IOTA, a cryptocurrency designed to serve as the foundation for the Internet of Things, experienced some sharp volatility during the month. IOTA, which trades under the ticker symbol MIOTA, reached as much as $2.03 on June 3, marking the end of a brief rally that began May 28.
“The recent runup in IOTA is attributable to investor optimism for their Qubic protocol,” Anatoliy Berdnikov, CEO of Bit.team, a decentralized P2P online cryptocurrency exchange, stated in reference to the digital currency’s brief climb. Qubic, which was announced in early June, provided several updates, including smart contract functionality.
After experiencing these gains, IOTA dropped to as little as $0.8851 on June 24, a 48.8% decline from the starting price of $1.73.
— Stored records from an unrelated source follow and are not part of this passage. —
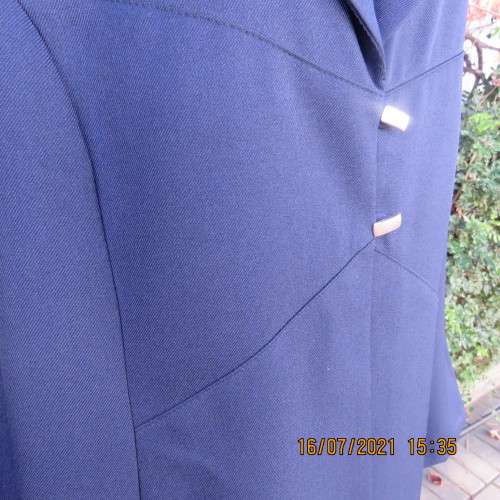 Smart navy DONNA CLAIRE long sleeve jacket size 48/24 in heavy polyester. New condition.
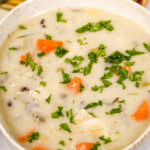 A bowl of Creamy Chicken Wild Rice Soup with vegetables and herbs.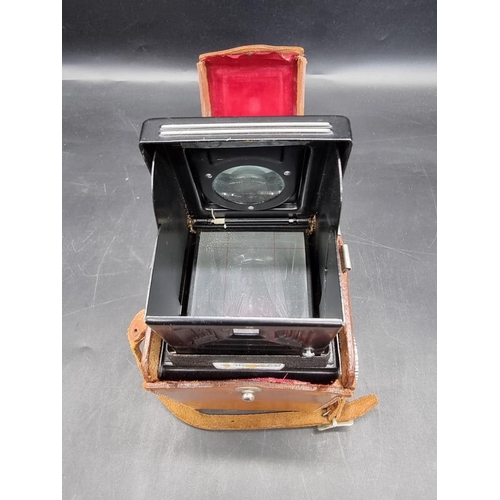 1578 - Cameras: a YashikaFlex, in leather case.  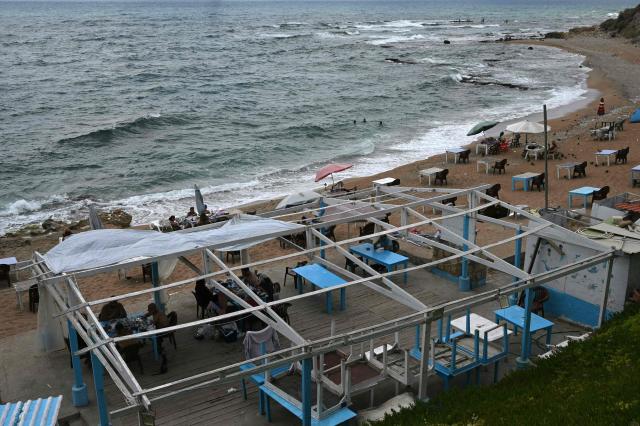 Residents cool off in the Mediterranean Sea in the southern Lebanese coastal city of Tyre on June 23, 2026, days after the city saw numerous Israeli military strikes. On June 22, 2026, mediators Pakistan and Qatar said that Tehran and Washington had agreed to set up a "de-confliction cell" to limit flare-ups in Lebanon following talks in Switzerland on ending the wider Middle East war, which Tehran has linked to halting the parallel conflict in Lebanon. (Photo by Joseph EID / AFP) / 
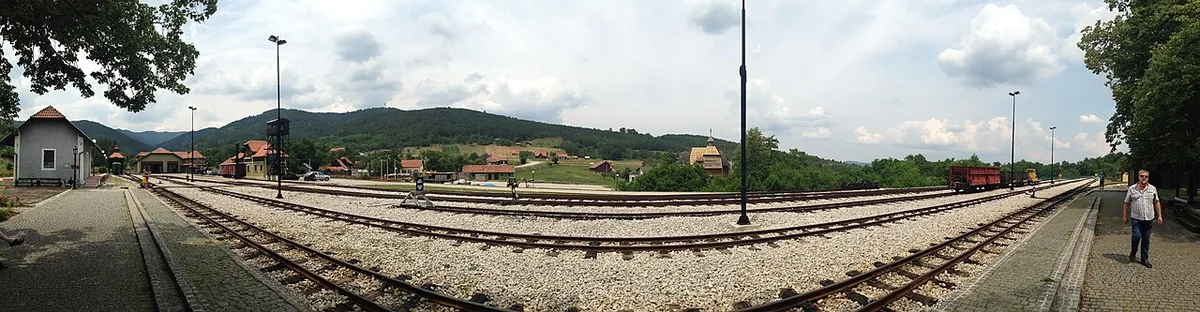 The narrow-gauge station and tracks of the Šargan Eight railway curving through the Mokra Gora valley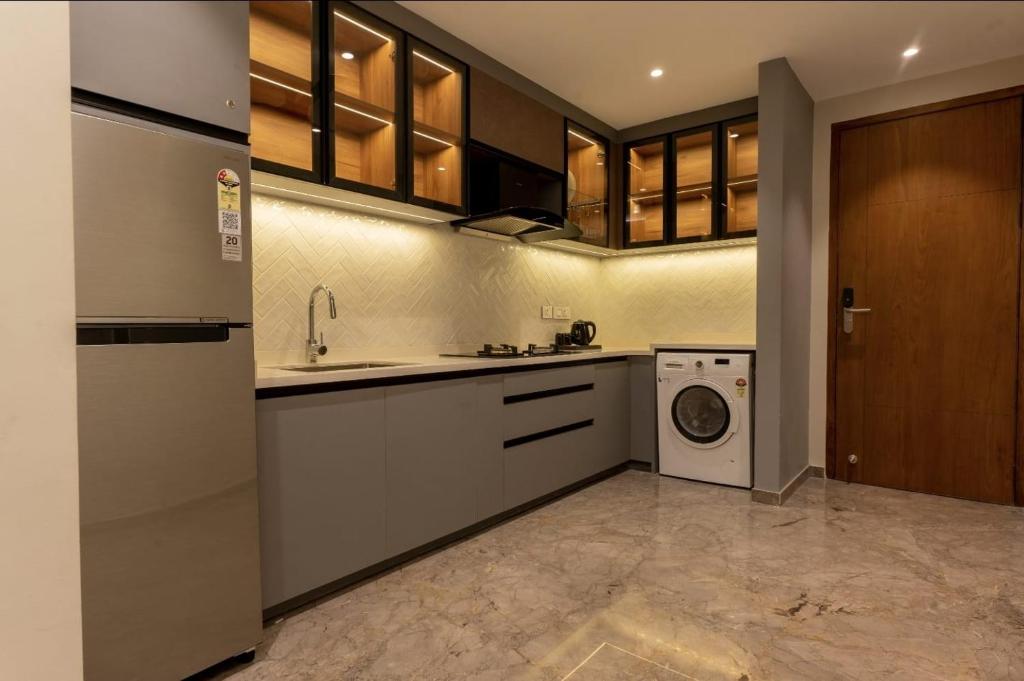 Kuchyň nebo kuchyňský kout v ubytování Seashell Apartments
The digital currency, which powers a blockless distributed ledger called the Tangle, recovered after this, climbing to $0.9945 by the end of the month. At this point, it was still down more than 42% from its June high.
IOTA was not the only digital currency that experienced sharp volatility during the month, as bitcoin cash plunged more than 45% from it starting price of $1,210.85 to a monthly low of $662.60.
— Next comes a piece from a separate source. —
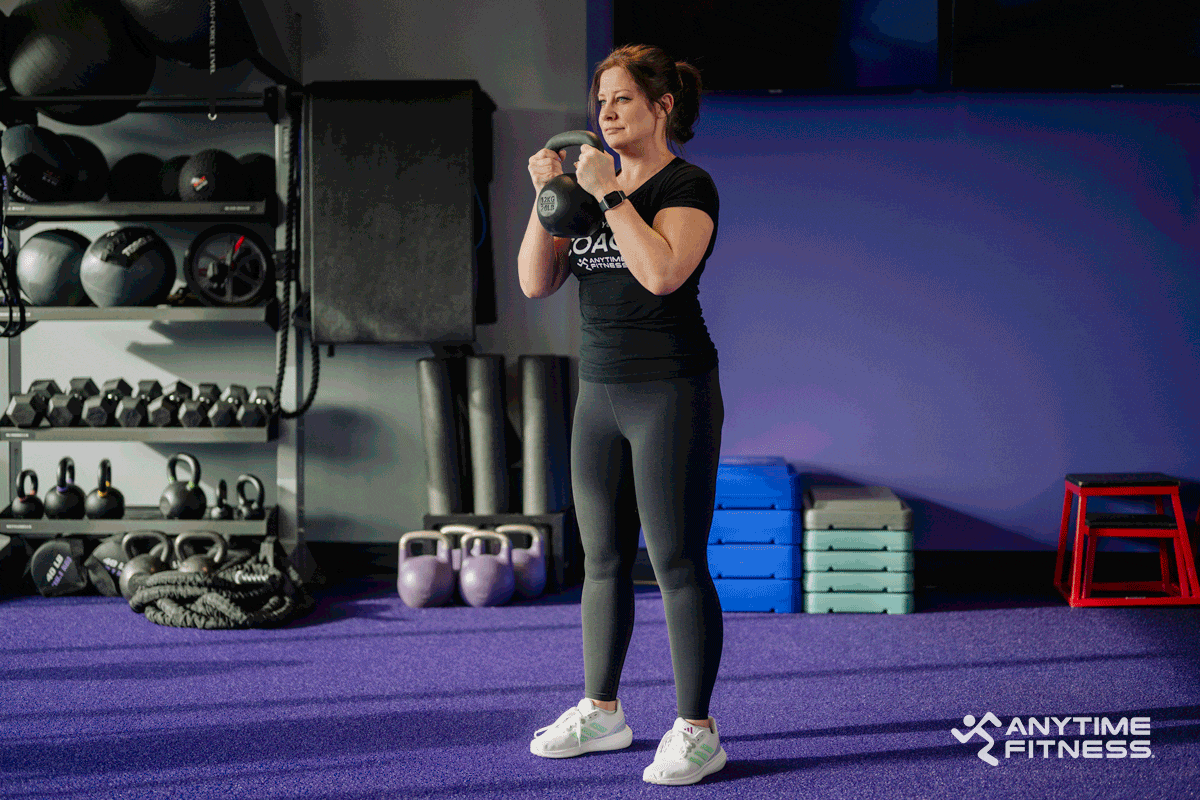 An AF Coach performs a squat.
After experiencing this sharp drop, the digital currency, which is a fork of the original bitcoin, rebounded slightly, finishing the month at $728.63. Bitcoin cash has a history of being a particularly volatile currency, so the sharp price fluctuations it suffered in June are nothing out of the ordinary.
Following the losses that digital currencies faced this month, Koyen weighed in on how the industry is shifting.
I suspect that crypto’s wild first half of the year left lasting scars on institutional and retail investors. Their money is moving instead into proper blockchain startups and those companies, like IBM, that are staking their territory in the blockchain-as-a-service space.